(Corrects bullet point and paragraph 16 to show that shares of Bed Bath & Beyond fell, not that they hit a record low)
* Healthcare stocks among laggards
* Nasdaq on track to post weekly gains
* Bed Bath & Beyond shares fall
* Indexes up: Dow 0.07 pct, S&P 0.19 pct, Nasdaq 0.22 pct
June 23 (Reuters) - The S&P 500 and the Nasdaq Composite were higher in late morning trading on Friday as technology shares rose and oil prices rebounded from multi-month lows.
The Dow Jones Industrial Average was little changed, weighed by a drop in Home Depot and UnitedHealth.
Oil prices rose about 1 percent, edging up from 10-month lows touched earlier this week but remained on course for its biggest first-half decline in almost two decades as production cuts have failed to reduce oversupply.
At current levels, the S&P 500 energy index, down 15 percent so far this year, is on track to post its worst weekly decline in about 18 months.
Apple, Microsoft and Visa rose between 0.5 percent and 1.5 percent, and provided the biggest boost to the S&P and the Nasdaq.
At 10:48 a.m. ET, the Dow Jones Industrial Average index was up 14.09 points, or 0.07 percent, at 21,411.38, and the S&P 500 was up 4.55 points, or 0.19 percent, at 2,439.05.
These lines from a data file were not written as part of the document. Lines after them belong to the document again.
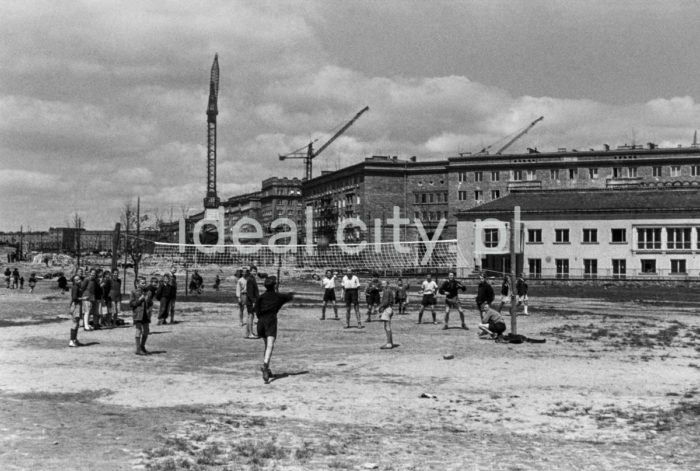 Boisko sportowe przy budynku pierwszego, stacjonarnego kina w Nowej Hucie „Stal”, na osiedlu A-1 Północ (Willowe). Kino działało od 26 lutego 1951 roku. Tutaj miał swoją siedzibę Amatorski Klub Filmowy Nowa Huta. W tle budowa osiedla A-11 (Stalowego) a dalej B-1 (Szkolnego), lata 50.

fot. Wiktor Pental/idealcity.pl

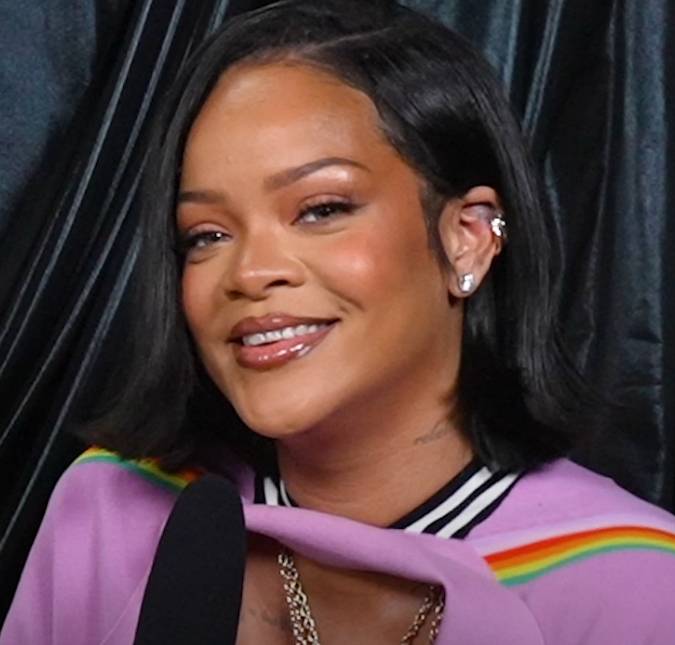 Rihanna exibe barrigão de grávida pelas ruas de Los Angeles, Estados Unidos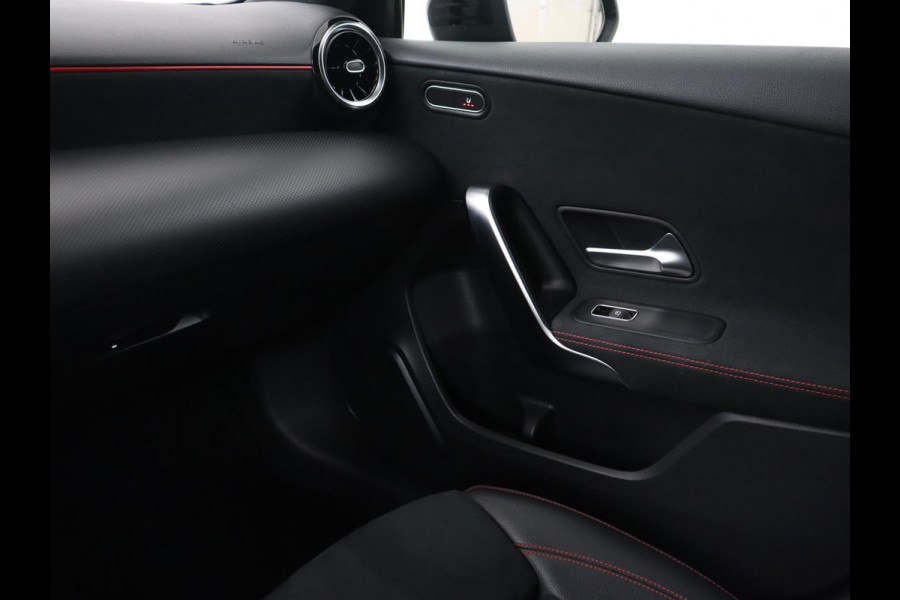 Mercedes-Benz A-Klasse 180 AMG Night Upgrade | Camera | Widescreen | Stoelverwarming | Full LED | Park Assist | Navigatie | Alcantara
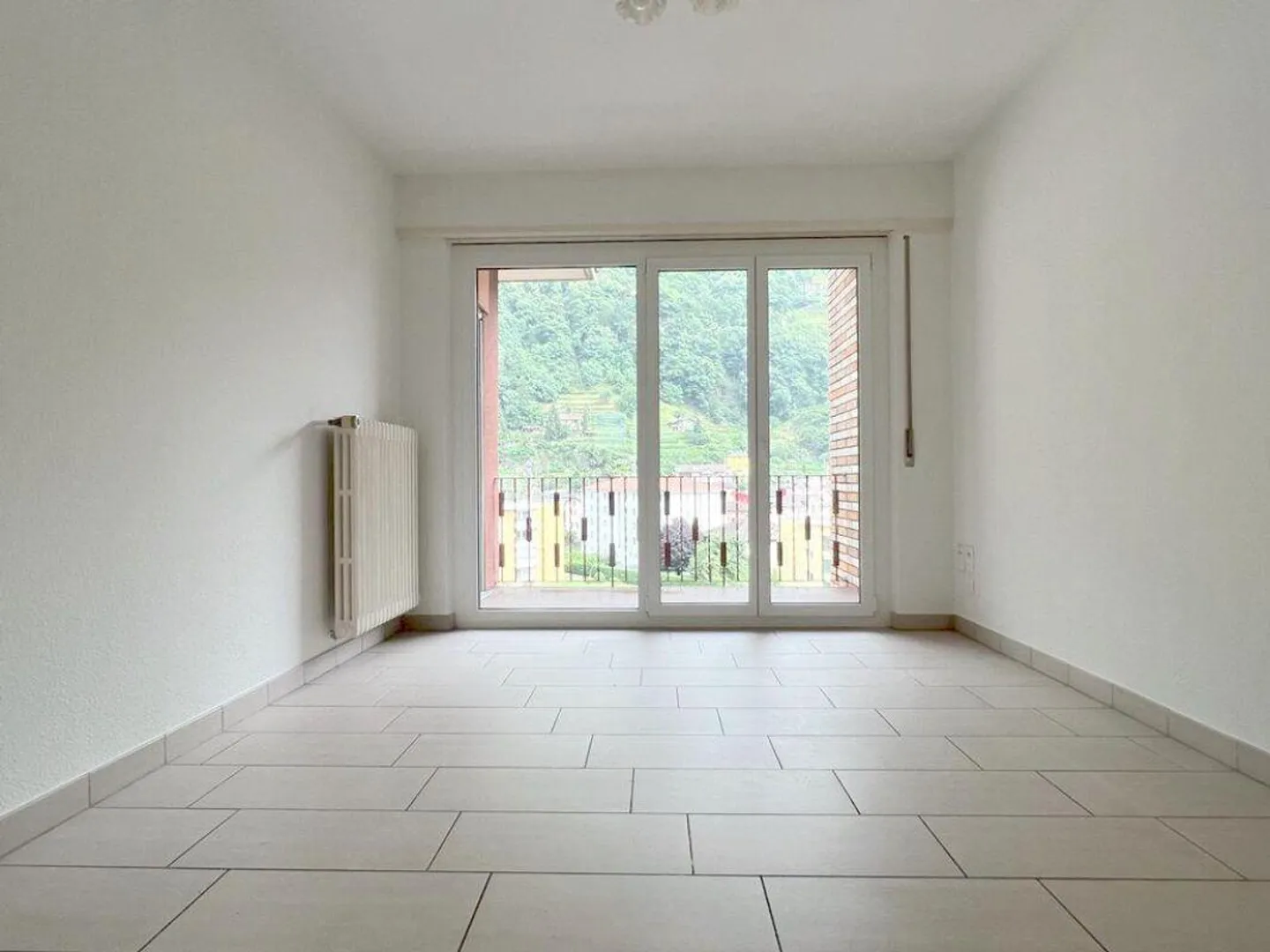 BELLINZONA | APPARTEMENT 4.5 | - Photo 3 sur 11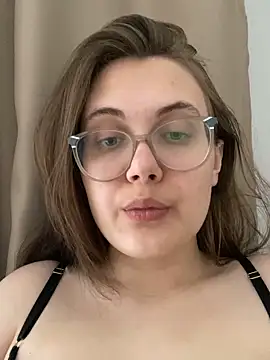 Snapshot of ecpochmak chatting on 05-15-26, 11:19 ecpochmak online show from 05-15-26, 11:19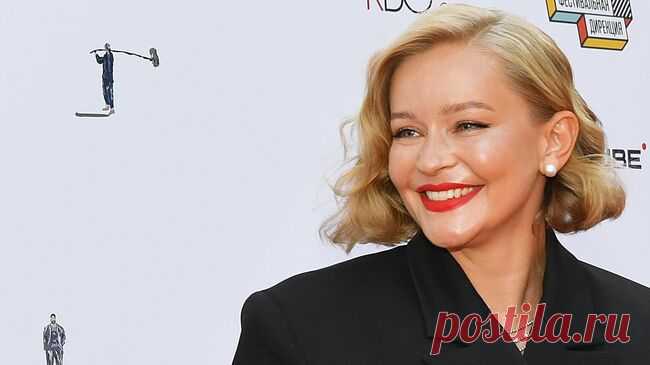 Суд прекратил дело о взыскании с Пересильд долга за дизайн-проект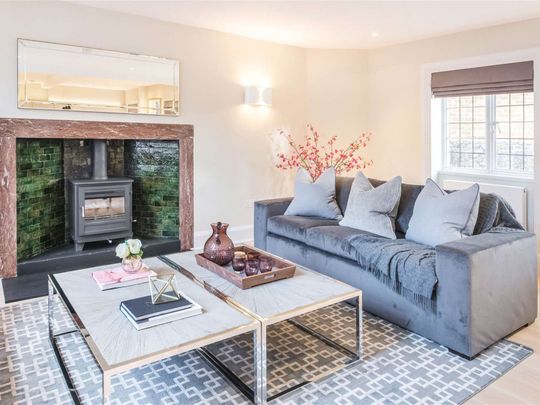 Beautiful interior designed split level apartment with private terrace tucked away in an immaculate period building on Walton Street, moments from the heart of Knightsbridge. - Photo 1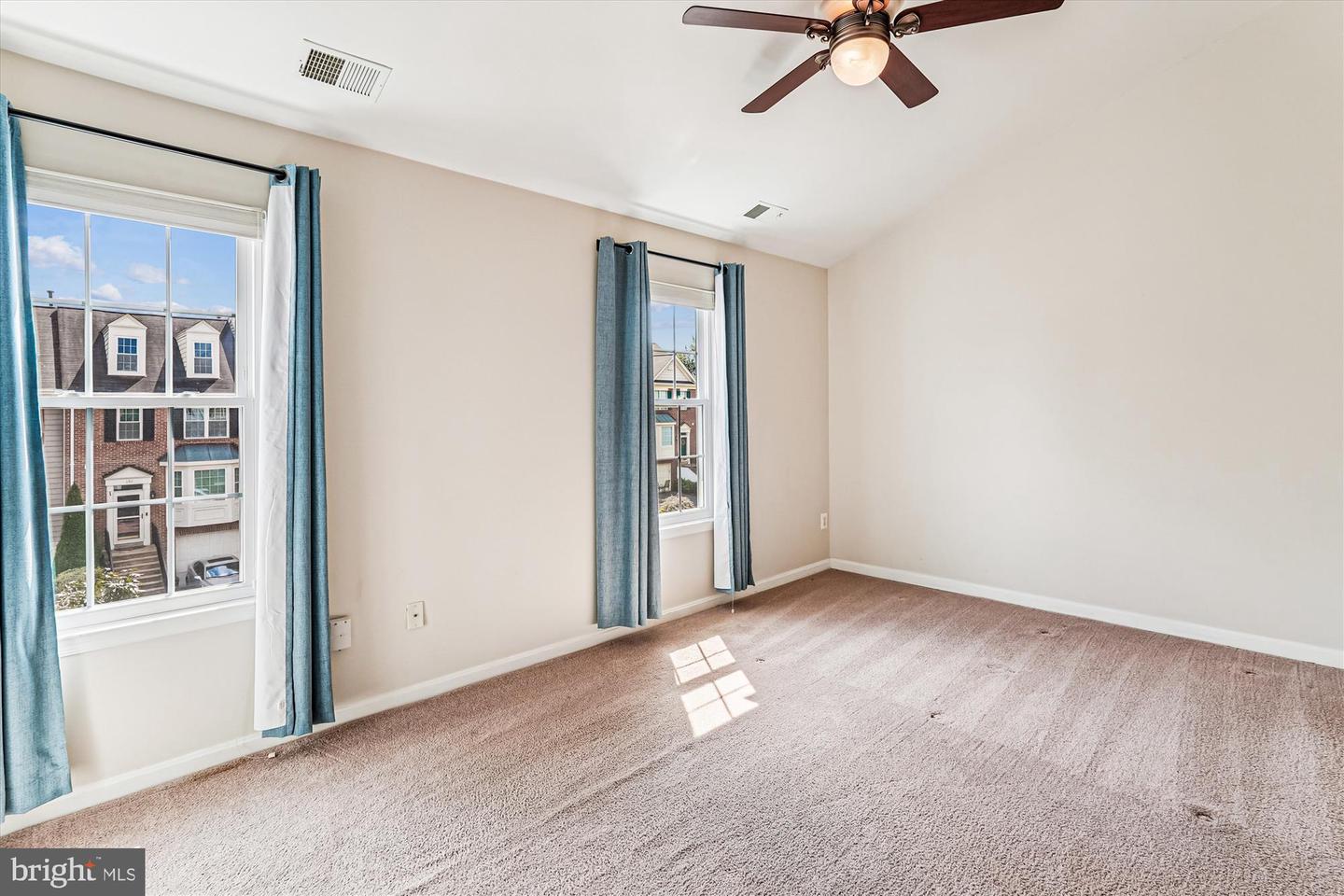 146 HAMPSHIRE SQ SW, LEESBURG, Virginia 20175, 3 Bedrooms Bedrooms, ,2 BathroomsBathrooms,Residential,For sale,146 HAMPSHIRE SQ SW,VALO2105698 MLS # VALO2105698 146 HAMPSHIRE SQ SW, LEESBURG, Virginia 20175, 3 Bedrooms Bedrooms, ,2 BathroomsBathrooms,Residential,For sale,146 HAMPSHIRE SQ SW,VALO2105698 MLS # VALO2105698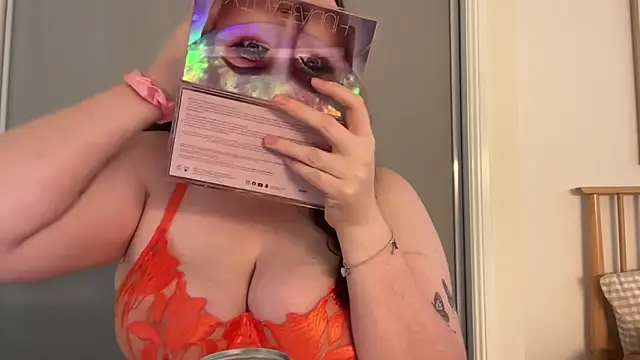 xopeachybaby online show from 25, 3, 2026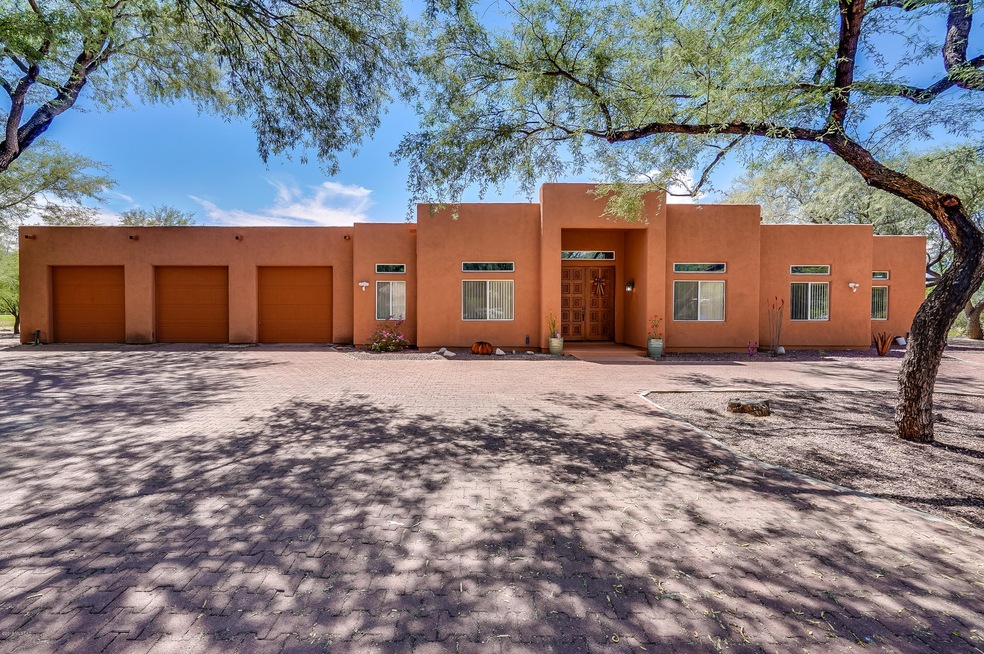 East Kit Carson Pl_2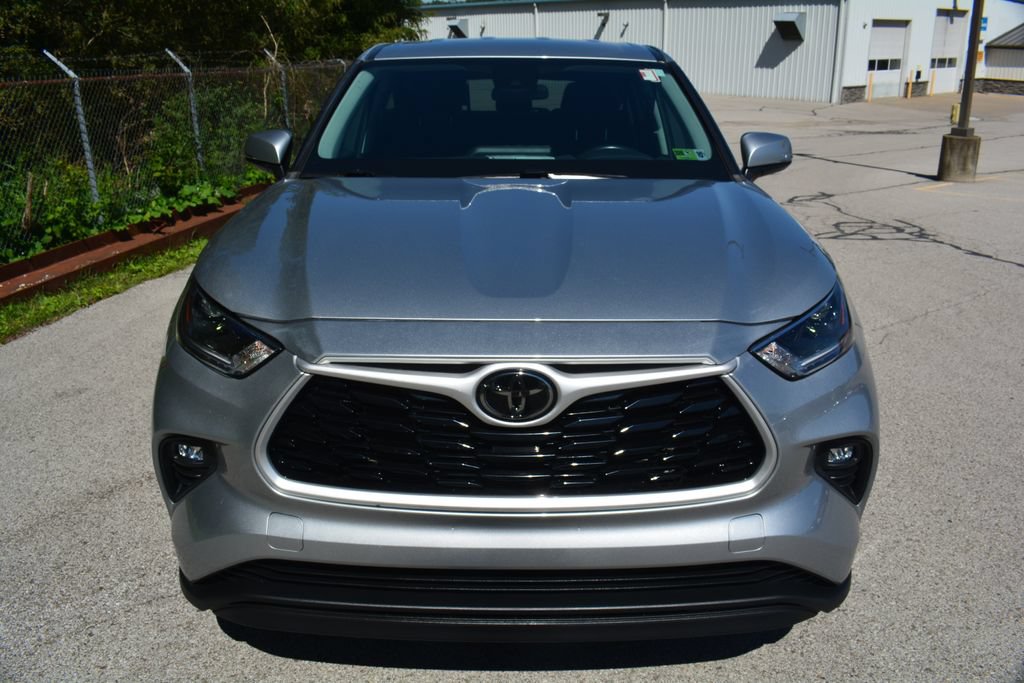 Used 2021 Toyota Highlander LE AWD/4WD image 2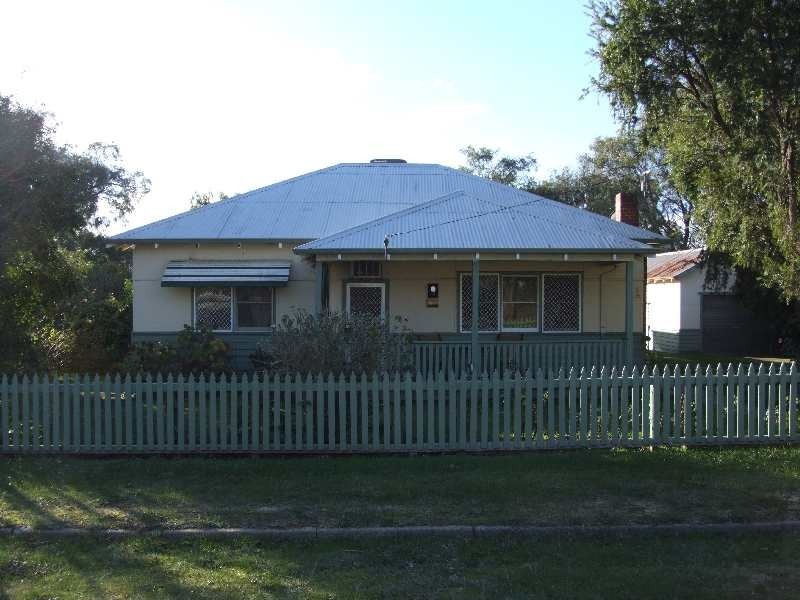 12 Allnutt, Donnybrook WA 6239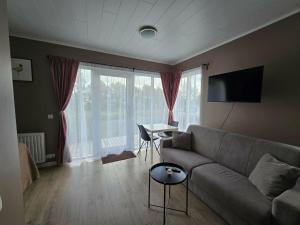 a living room with a couch and a table at Romantic Cottage in Fludir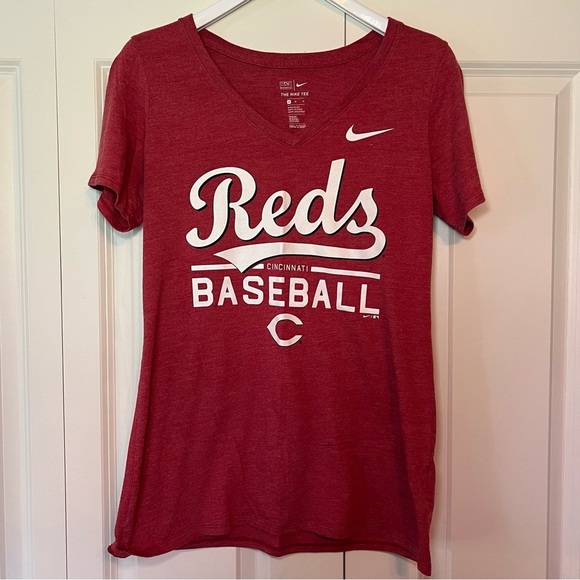 Women's Cincinnati Reds Nike Heathered Red V-Neck T-Shirt. Size M. - Picture 5 of 6
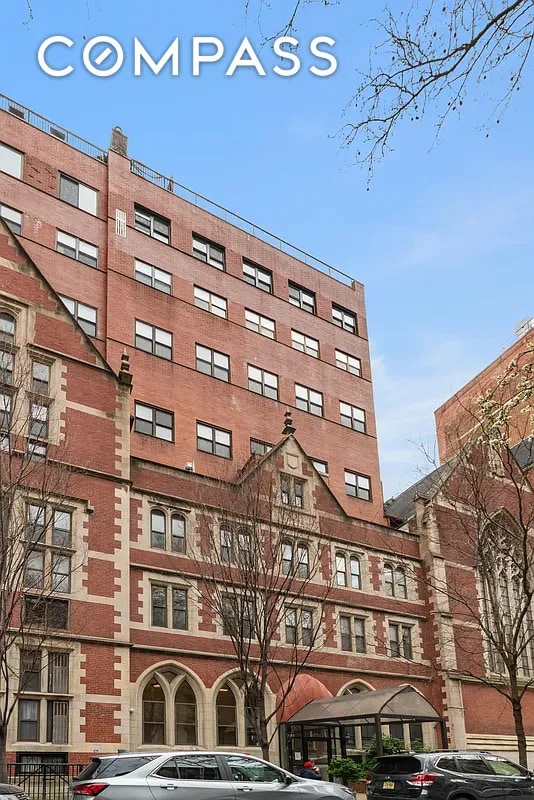 view of apartment building / complex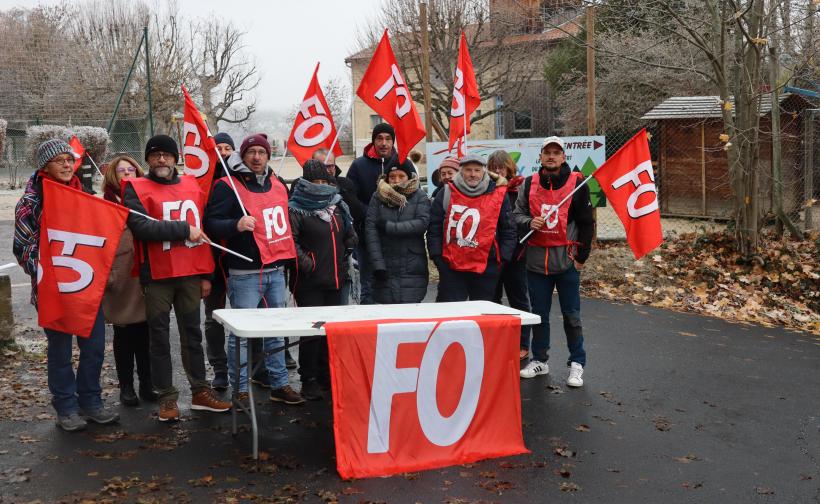 Action de débraillage pour militants FO et employés de la ferme Bel Air et du Relais Ados.
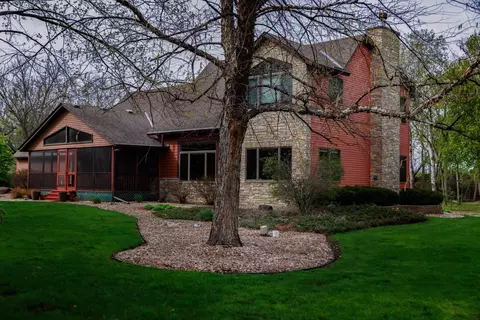 8963 Boiling Springs Ln, Shakopee, MN 55379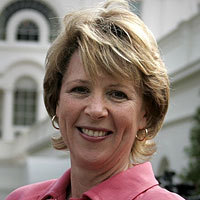 Elisabeth Bumiller profile picture
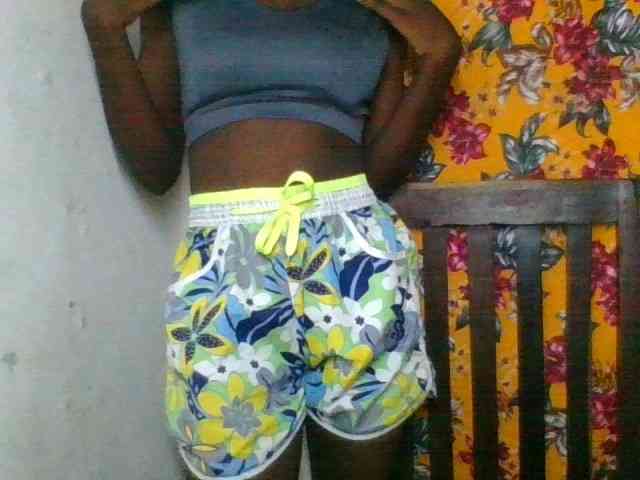 LovelyBlackGirl webcam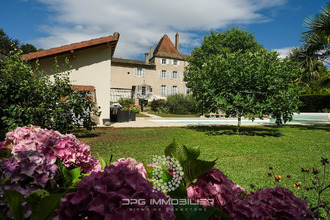 Ma-Cabane - Vente Maison La Roche-Vineuse, 445 m²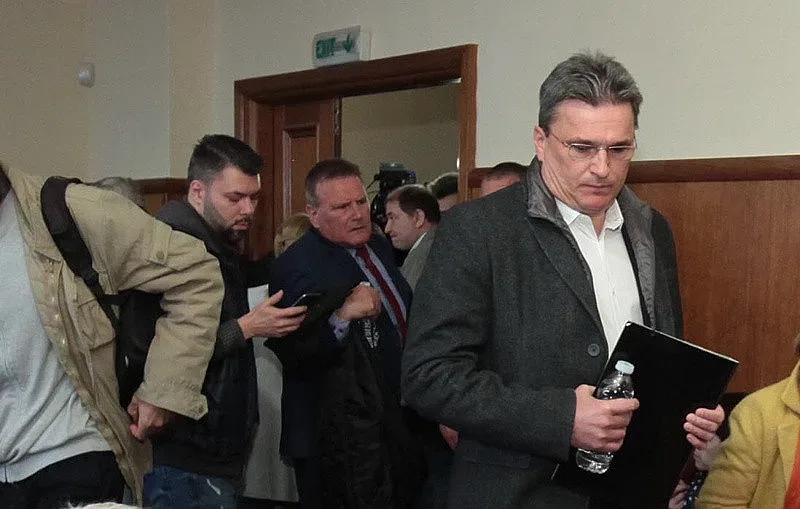 Цв. Василев и щерка му мачкали директори на КТБ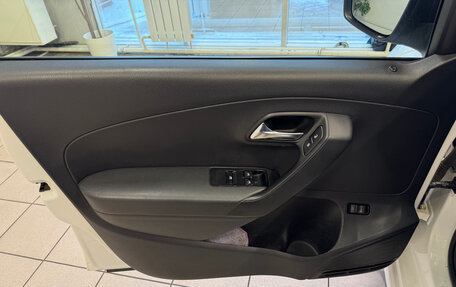 Volkswagen Polo VI (EU Market), 2012 год, 730 000 рублей, 14 фотография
The Nasdaq Composite index was up 13.53 points, or 0.22 percent, at 6,250.21.
The index is on track to post its first weekly gain after two weeks of declines following a drop in richly-valued tech stocks.
Among the laggards was the healthcare index, down 0.33 percent and the top decliner among the S&P subsectors.
Health stocks rallied on Thursday after Senate Republicans unveiled legislation that would replace Obamacare.
However, the bill drew skepticism from the Democrats, who attacked the legislation as a callous giveaway to the rich that would leave millions without coverage.
"The market is banking a lot of its future on the Trump trade. So when we see progress, the markets react positively to it," said Ken Moraif, senior adviser at Money Matters, a wealth management and investment firm.
Helping boost sentiment was positive economic data.
New U.S. single-family home sales rose in May and the median sales price surged to an all-time high, suggesting that the housing market had regained momentum.
Among stocks, Blackberry's U.S.-listed shares were down 11.8 percent after the company's quarterly sales missed analysts' estimate.
Bed Bath & Beyond shares fell as the company reported a bigger-than-expected fall in same-store sales in the first quarter.
A Deutsche Bank upgrade on steel companies, including US Steel and AK Steel, pushed up their shares about 4 percent.